◆ **Data records**:
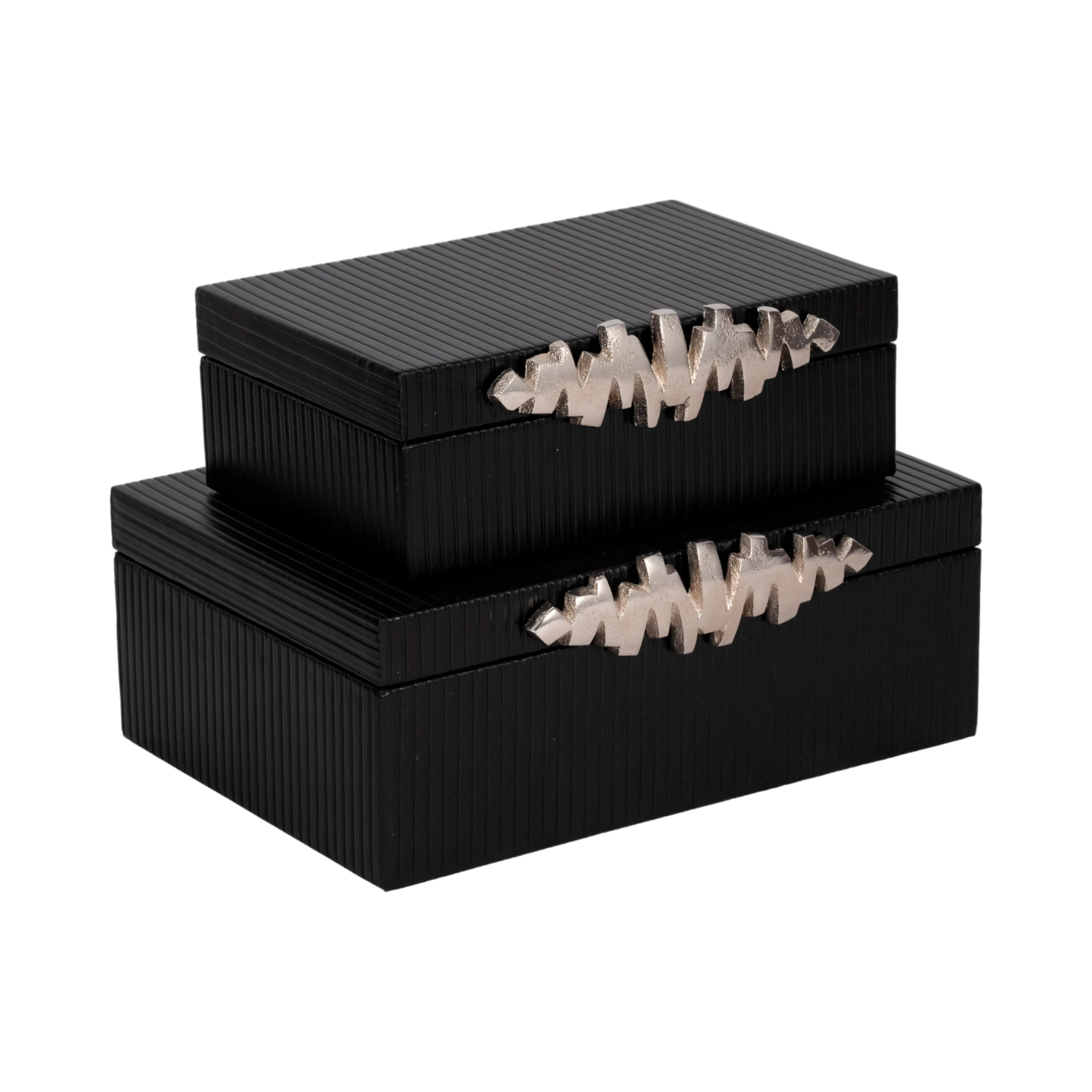 S/2 9/11" Boxes With Lines & Silver Handle, Black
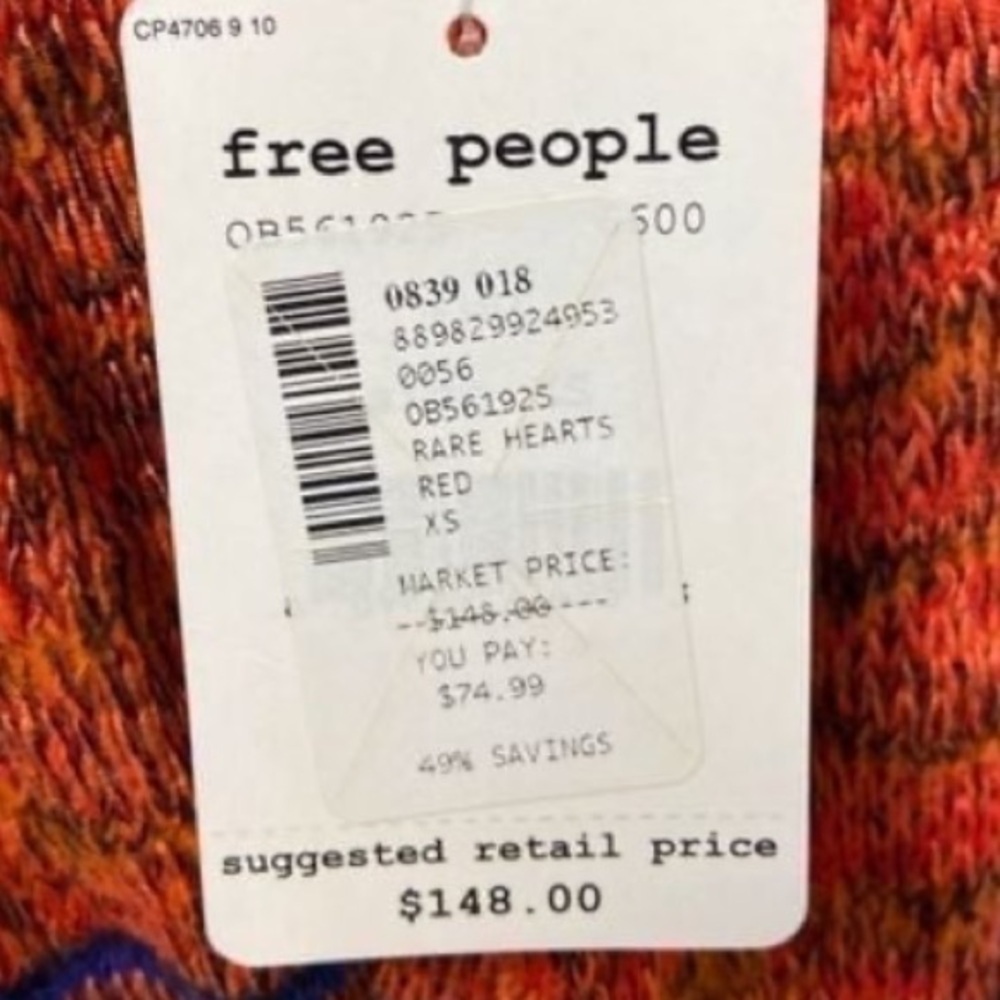 Free People Colorful Knit mini dress sleeveless XS NWT - Picture 8 of 8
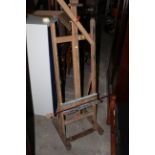 An artists beechwood adjustable easel, 190 cm high, together with a quantity of artists card mounts,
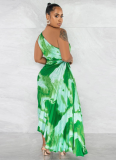 Fashionable Hot Style Oblique Collar Sleeveless Pleated Long Dress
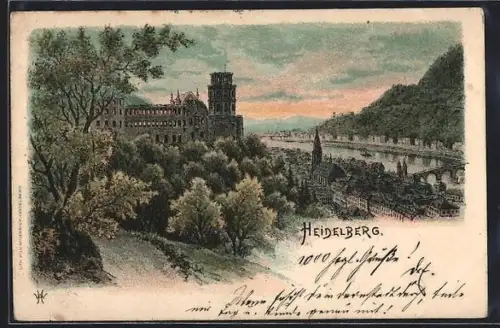 Lithographie Heidelberg, Ortsansicht mit Schloss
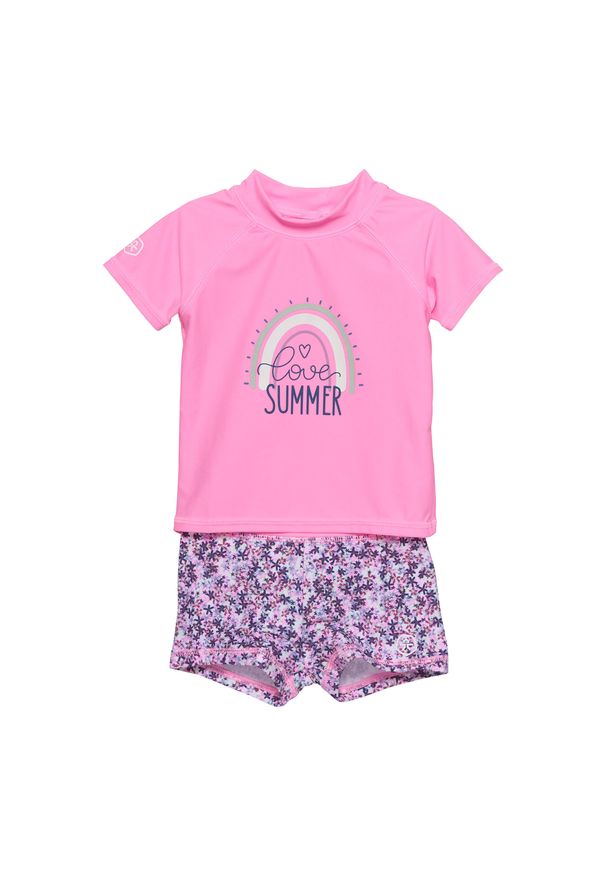 COLOR KIDS - Koszulka + szorty do pływania dziecięce Color Kids Set. Kolor: różowy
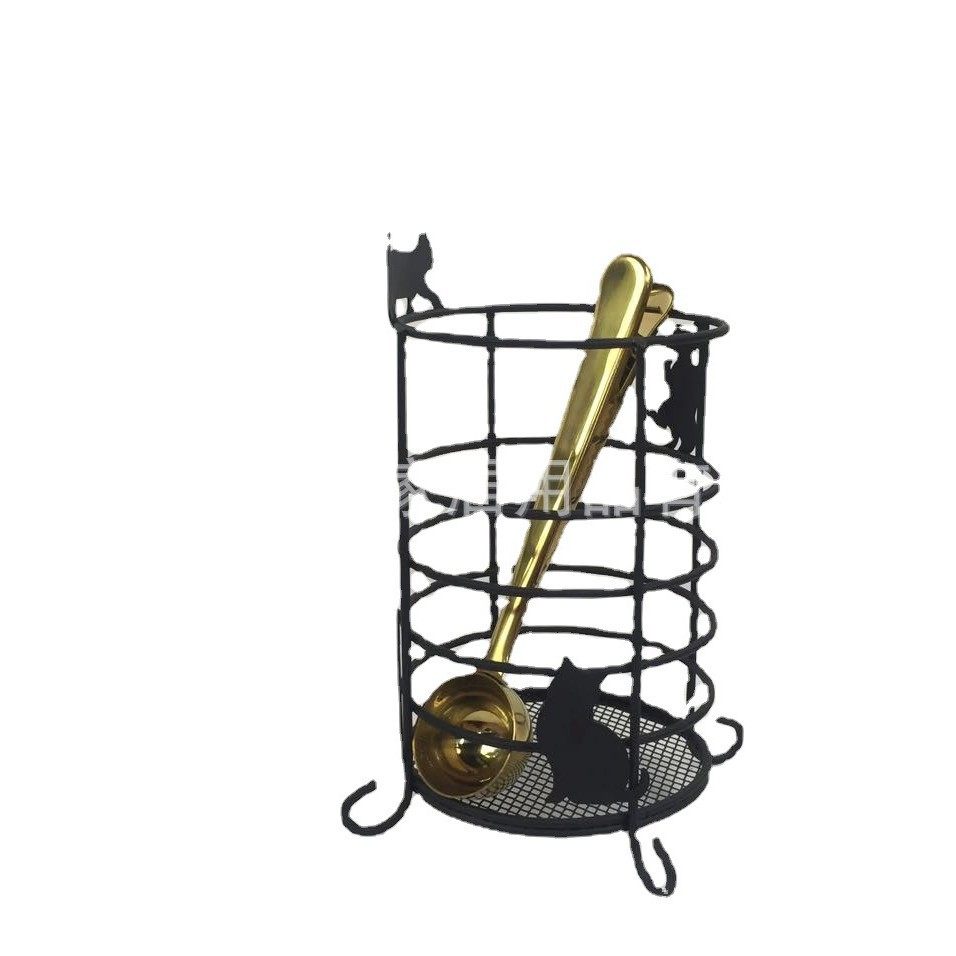 Vintage Cat Chopsticks Barrel Pen Barrel Desktop Multi-function Storage Basket Household Items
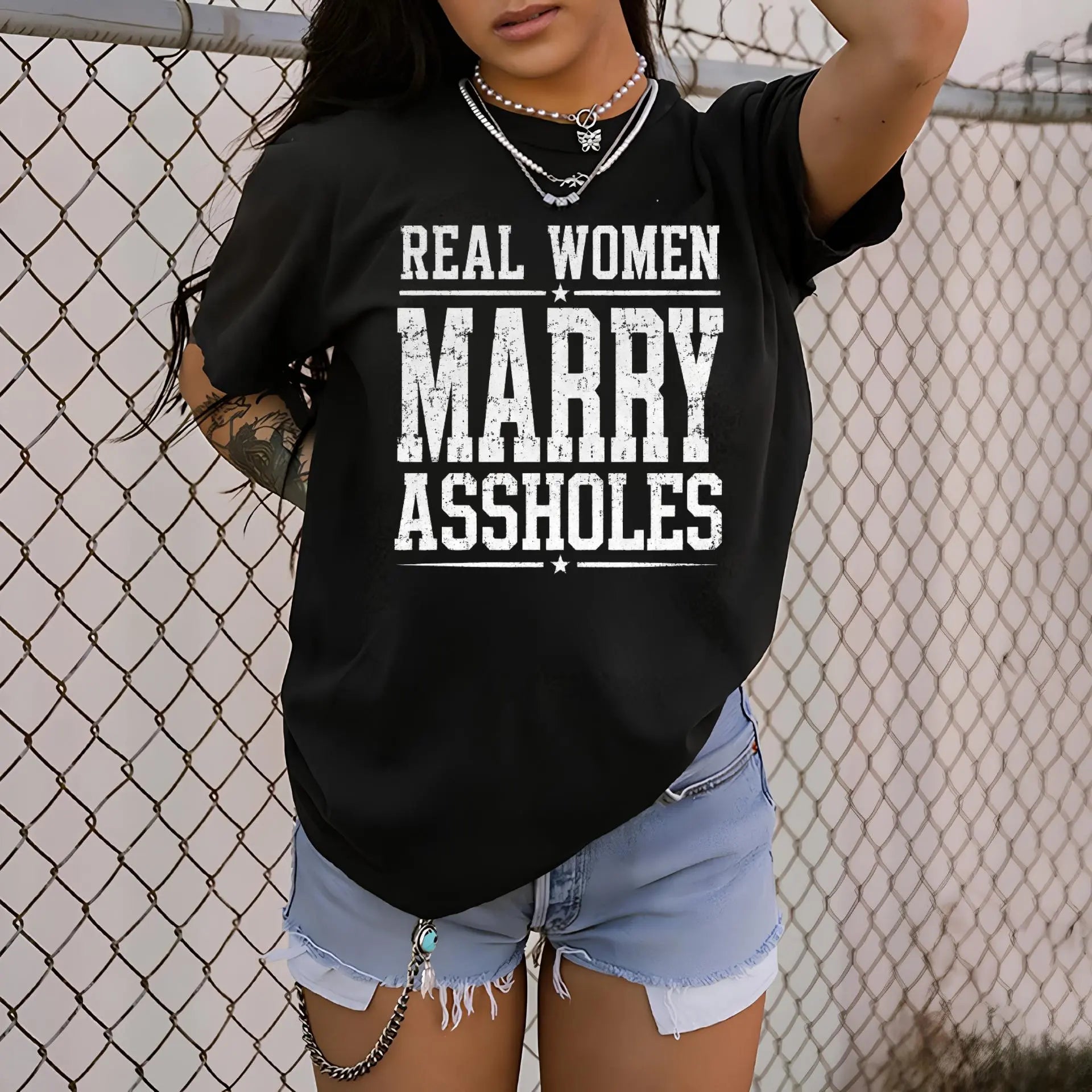 Funny Wife Shirt Real Women Marry Graphic Tee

◆ **Work order**: Although the entries contain pictures, copy everything else in them exactly.

◆ **Response to the task**:
 S/2 9/11" Boxes With Lines & Silver Handle, Black
 Free People Colorful Knit mini dress sleeveless XS NWT - Picture 8 of 8
 An artists beechwood adjustable easel, 190 cm high, together with a quantity of artists card mounts,
 Fashionable Hot Style Oblique Collar Sleeveless Pleated Long Dress
 Lithographie Heidelberg, Ortsansicht mit Schloss
 COLOR KIDS - Koszulka + szorty do pływania dziecięce Color Kids Set. Kolor: różowy
 Vintage Cat Chopsticks Barrel Pen Barrel Desktop Multi-function Storage Basket Household Items
 Funny Wife Shirt Real Women Marry Graphic Tee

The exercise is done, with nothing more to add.